• What the task requires: The copy you return should hold every record below word for word and no images.

(Exercise inputs begins)

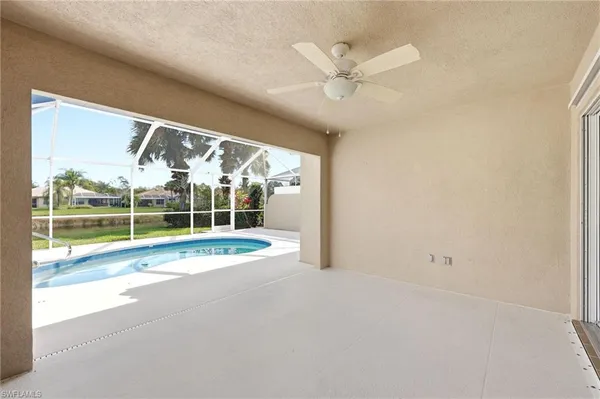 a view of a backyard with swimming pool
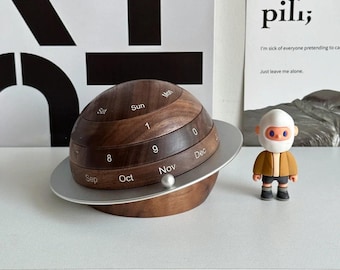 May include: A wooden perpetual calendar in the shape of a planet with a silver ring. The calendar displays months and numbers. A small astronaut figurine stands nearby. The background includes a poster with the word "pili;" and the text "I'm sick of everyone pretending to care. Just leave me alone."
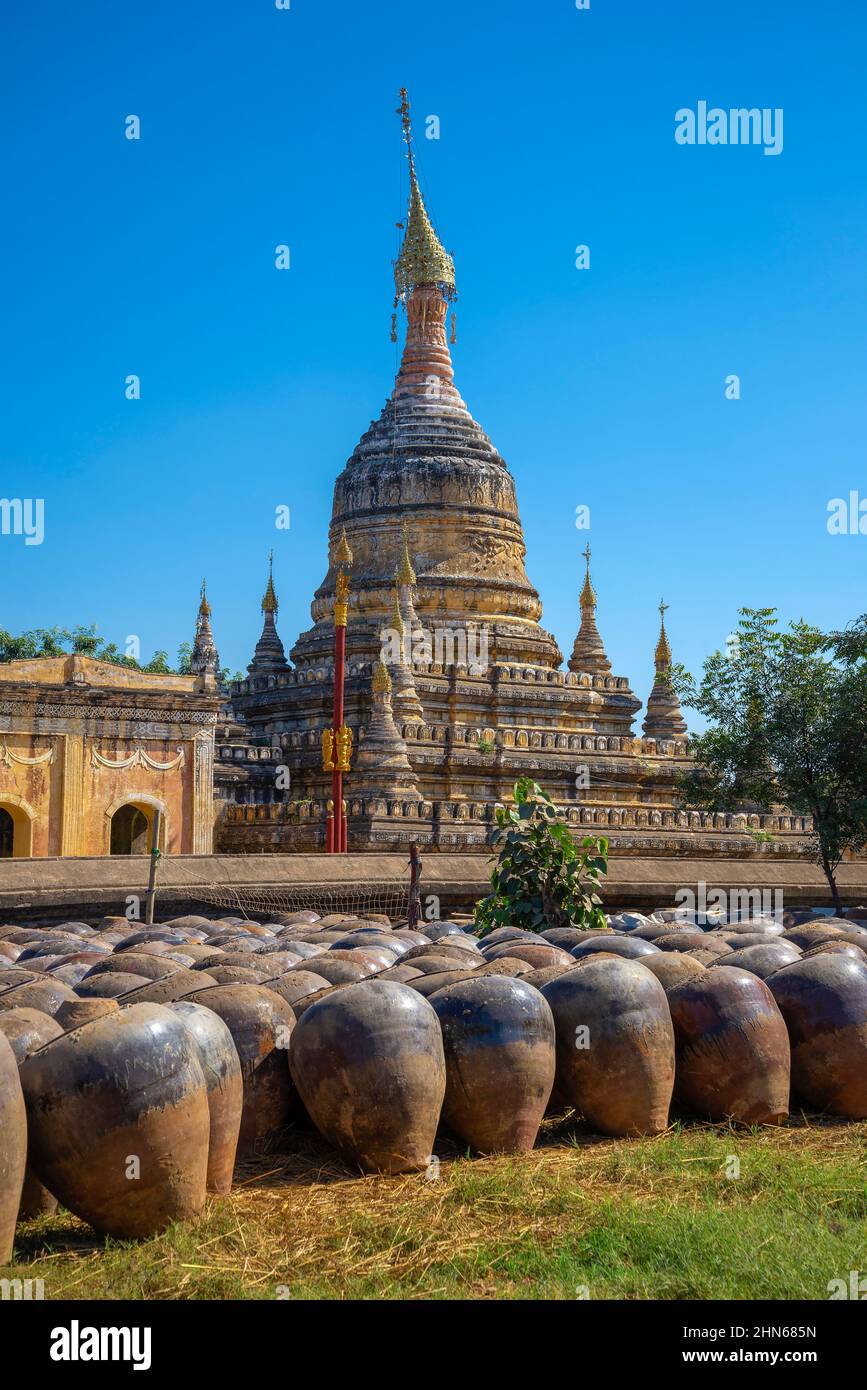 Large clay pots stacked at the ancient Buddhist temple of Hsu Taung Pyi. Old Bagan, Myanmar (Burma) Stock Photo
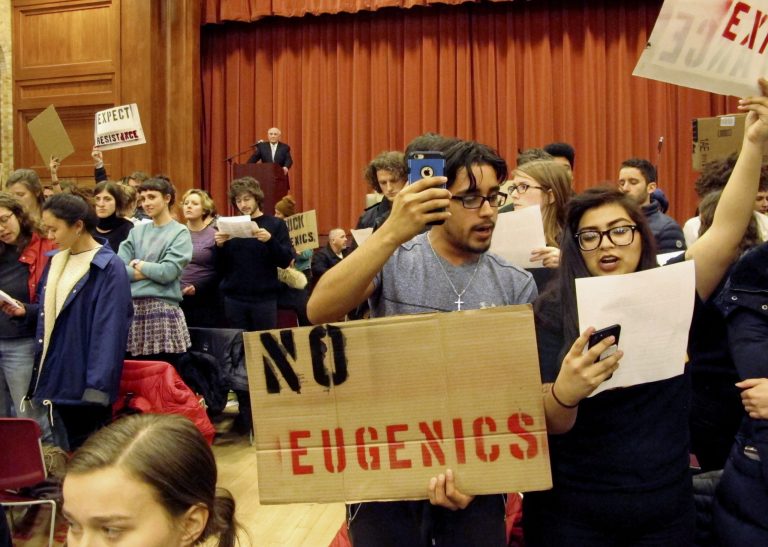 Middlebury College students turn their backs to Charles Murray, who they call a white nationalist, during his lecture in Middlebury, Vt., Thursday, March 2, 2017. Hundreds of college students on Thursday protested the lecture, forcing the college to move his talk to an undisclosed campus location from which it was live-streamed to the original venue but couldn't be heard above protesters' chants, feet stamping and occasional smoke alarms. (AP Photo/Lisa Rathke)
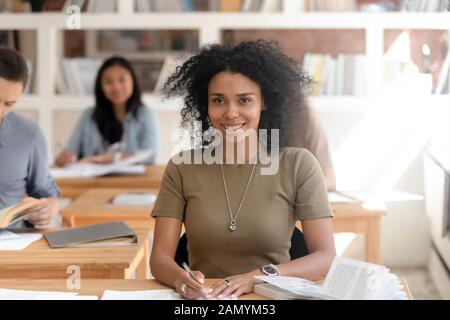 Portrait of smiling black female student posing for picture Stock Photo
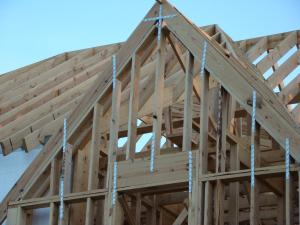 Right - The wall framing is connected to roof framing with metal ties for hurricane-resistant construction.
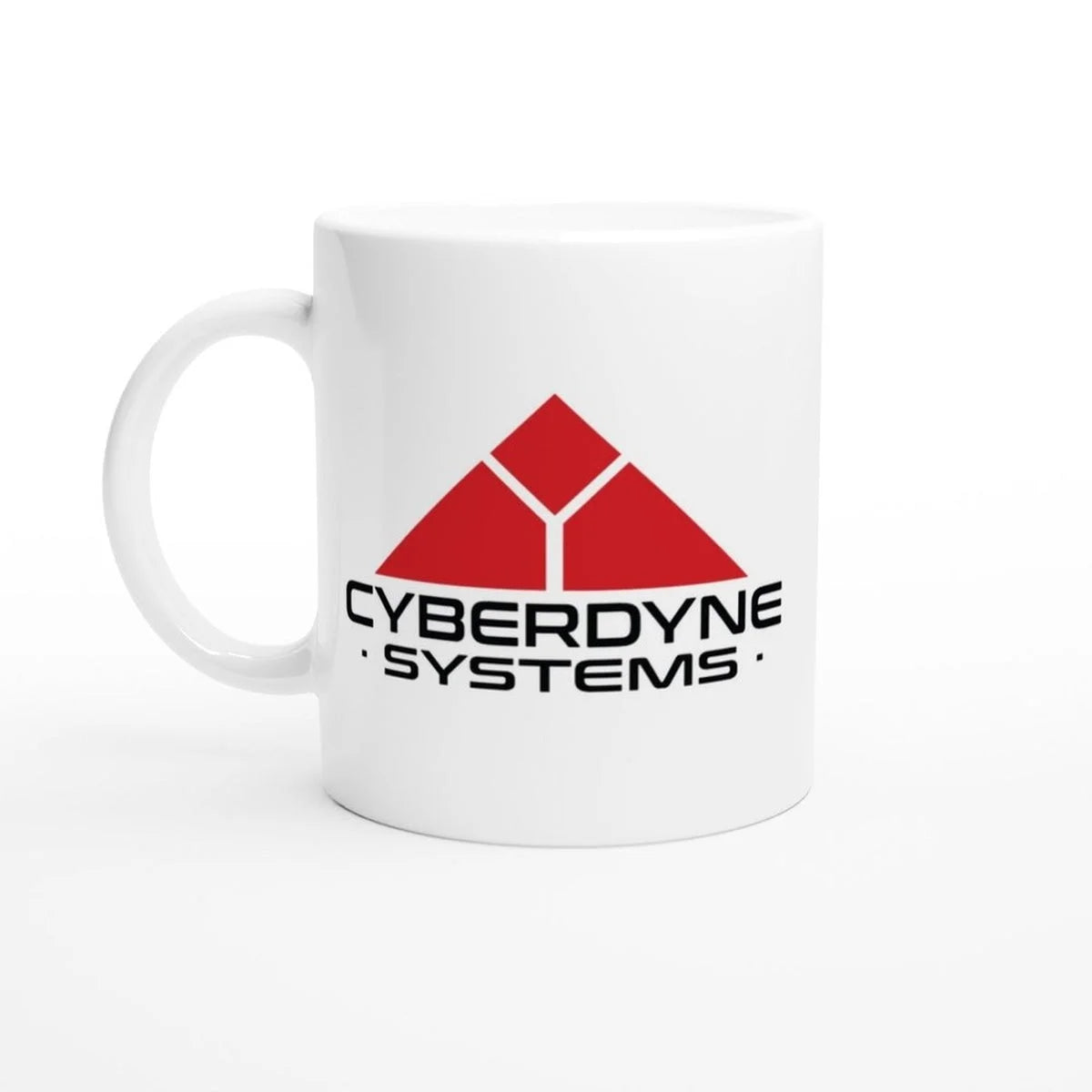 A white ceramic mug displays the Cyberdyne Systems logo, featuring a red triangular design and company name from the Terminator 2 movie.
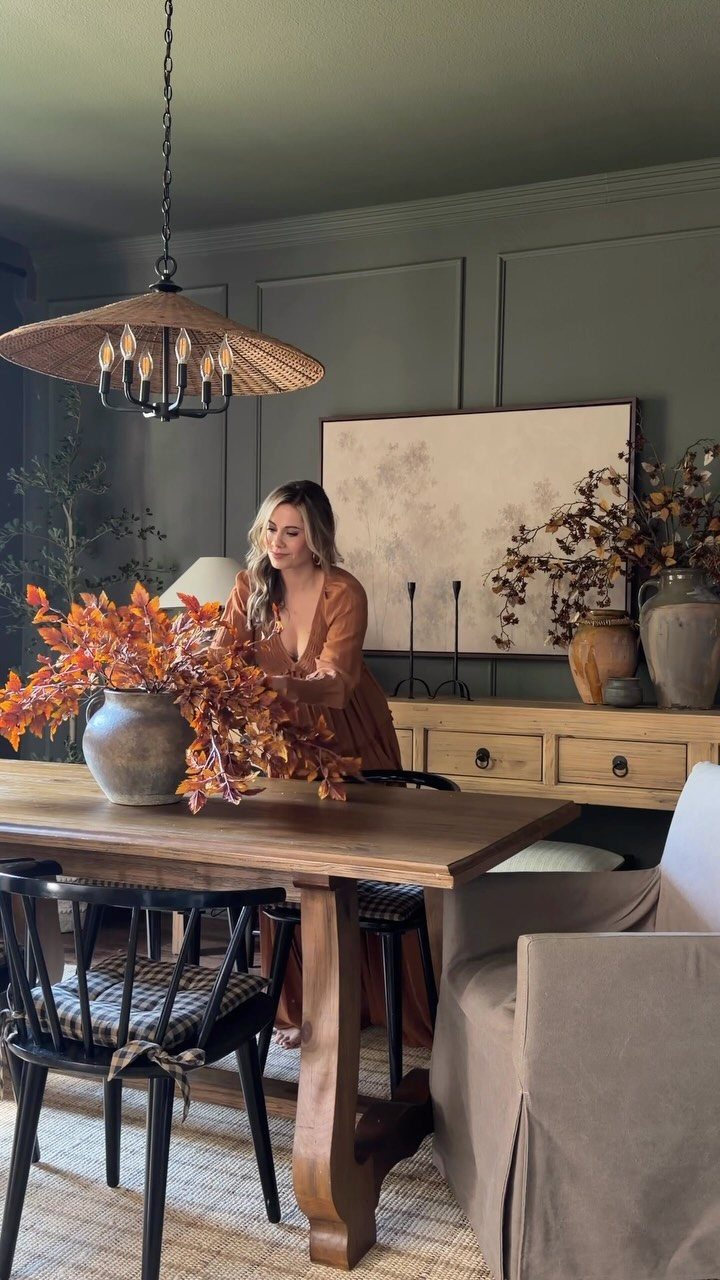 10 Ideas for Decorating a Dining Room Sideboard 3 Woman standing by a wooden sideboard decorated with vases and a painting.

(Exercise inputs ends)

• Output:
 a view of a backyard with swimming pool
 May include: A wooden perpetual calendar in the shape of a planet with a silver ring. The calendar displays months and numbers. A small astronaut figurine stands nearby. The background includes a poster with the word "pili;" and the text "I'm sick of everyone pretending to care. Just leave me alone."
 Large clay pots stacked at the ancient Buddhist temple of Hsu Taung Pyi. Old Bagan, Myanmar (Burma) Stock Photo
 Middlebury College students turn their backs to Charles Murray, who they call a white nationalist, during his lecture in Middlebury, Vt., Thursday, March 2, 2017. Hundreds of college students on Thursday protested the lecture, forcing the college to move his talk to an undisclosed campus location from which it was live-streamed to the original venue but couldn't be heard above protesters' chants, feet stamping and occasional smoke alarms. (AP Photo/Lisa Rathke)
 Portrait of smiling black female student posing for picture Stock Photo
 Right - The wall framing is connected to roof framing with metal ties for hurricane-resistant construction.
 A white ceramic mug displays the Cyberdyne Systems logo, featuring a red triangular design and company name from the Terminator 2 movie.
 10 Ideas for Decorating a Dining Room Sideboard 3 Woman standing by a wooden sideboard decorated with vases and a painting.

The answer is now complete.